→ PROBLEM TO WORK ON
Take the listing below and print exactly the lines starting at the line containing "812 N Wright Avenue, Kerens, TX 75144" and ending at the line containing "Dworek Nad Jalowcami", both ends included, and no others.

→ DATA FOR THIS EXERCISE

========================================================================

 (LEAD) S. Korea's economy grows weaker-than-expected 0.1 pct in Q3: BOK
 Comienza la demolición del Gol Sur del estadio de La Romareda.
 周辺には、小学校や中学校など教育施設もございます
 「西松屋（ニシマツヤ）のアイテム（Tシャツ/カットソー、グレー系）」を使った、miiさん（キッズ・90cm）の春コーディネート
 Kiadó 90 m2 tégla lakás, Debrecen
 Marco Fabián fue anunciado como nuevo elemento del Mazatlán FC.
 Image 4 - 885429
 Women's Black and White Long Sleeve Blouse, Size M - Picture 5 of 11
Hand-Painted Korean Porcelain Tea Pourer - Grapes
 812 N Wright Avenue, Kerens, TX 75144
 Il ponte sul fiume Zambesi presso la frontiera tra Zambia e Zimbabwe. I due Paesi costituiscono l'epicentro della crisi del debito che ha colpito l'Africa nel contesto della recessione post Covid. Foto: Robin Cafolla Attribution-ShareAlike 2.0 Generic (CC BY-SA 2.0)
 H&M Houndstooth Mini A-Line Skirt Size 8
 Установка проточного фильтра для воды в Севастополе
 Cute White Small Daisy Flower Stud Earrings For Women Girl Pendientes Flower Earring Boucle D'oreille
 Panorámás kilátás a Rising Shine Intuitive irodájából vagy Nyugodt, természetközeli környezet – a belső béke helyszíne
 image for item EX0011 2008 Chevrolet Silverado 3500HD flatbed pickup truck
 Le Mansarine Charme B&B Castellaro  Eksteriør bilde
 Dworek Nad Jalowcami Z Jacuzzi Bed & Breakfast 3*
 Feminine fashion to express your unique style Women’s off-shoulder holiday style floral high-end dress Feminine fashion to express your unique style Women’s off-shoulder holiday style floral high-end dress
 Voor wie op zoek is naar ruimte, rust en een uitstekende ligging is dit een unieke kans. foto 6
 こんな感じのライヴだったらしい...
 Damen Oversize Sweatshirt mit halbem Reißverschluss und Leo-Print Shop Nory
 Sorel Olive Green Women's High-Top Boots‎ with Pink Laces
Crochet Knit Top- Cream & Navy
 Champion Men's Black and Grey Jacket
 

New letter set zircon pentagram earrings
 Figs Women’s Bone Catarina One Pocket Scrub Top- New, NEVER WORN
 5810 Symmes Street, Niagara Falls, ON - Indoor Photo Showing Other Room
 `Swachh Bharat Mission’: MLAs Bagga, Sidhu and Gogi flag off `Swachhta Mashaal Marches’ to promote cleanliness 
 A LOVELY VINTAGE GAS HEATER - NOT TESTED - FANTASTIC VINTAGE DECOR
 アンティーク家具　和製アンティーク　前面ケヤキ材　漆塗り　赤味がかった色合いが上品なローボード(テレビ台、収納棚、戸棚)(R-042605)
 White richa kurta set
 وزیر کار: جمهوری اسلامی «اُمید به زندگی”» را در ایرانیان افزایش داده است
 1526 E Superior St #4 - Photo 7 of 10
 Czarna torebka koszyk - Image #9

========================================================================

→ SOLUTION TO THIS PROBLEM
 812 N Wright Avenue, Kerens, TX 75144
 Il ponte sul fiume Zambesi presso la frontiera tra Zambia e Zimbabwe. I due Paesi costituiscono l'epicentro della crisi del debito che ha colpito l'Africa nel contesto della recessione post Covid. Foto: Robin Cafolla Attribution-ShareAlike 2.0 Generic (CC BY-SA 2.0)
 H&M Houndstooth Mini A-Line Skirt Size 8
 Установка проточного фильтра для воды в Севастополе
 Cute White Small Daisy Flower Stud Earrings For Women Girl Pendientes Flower Earring Boucle D'oreille
 Panorámás kilátás a Rising Shine Intuitive irodájából vagy Nyugodt, természetközeli környezet – a belső béke helyszíne
 image for item EX0011 2008 Chevrolet Silverado 3500HD flatbed pickup truck
 Le Mansarine Charme B&B Castellaro  Eksteriør bilde
 Dworek Nad Jalowcami Z Jacuzzi Bed & Breakfast 3*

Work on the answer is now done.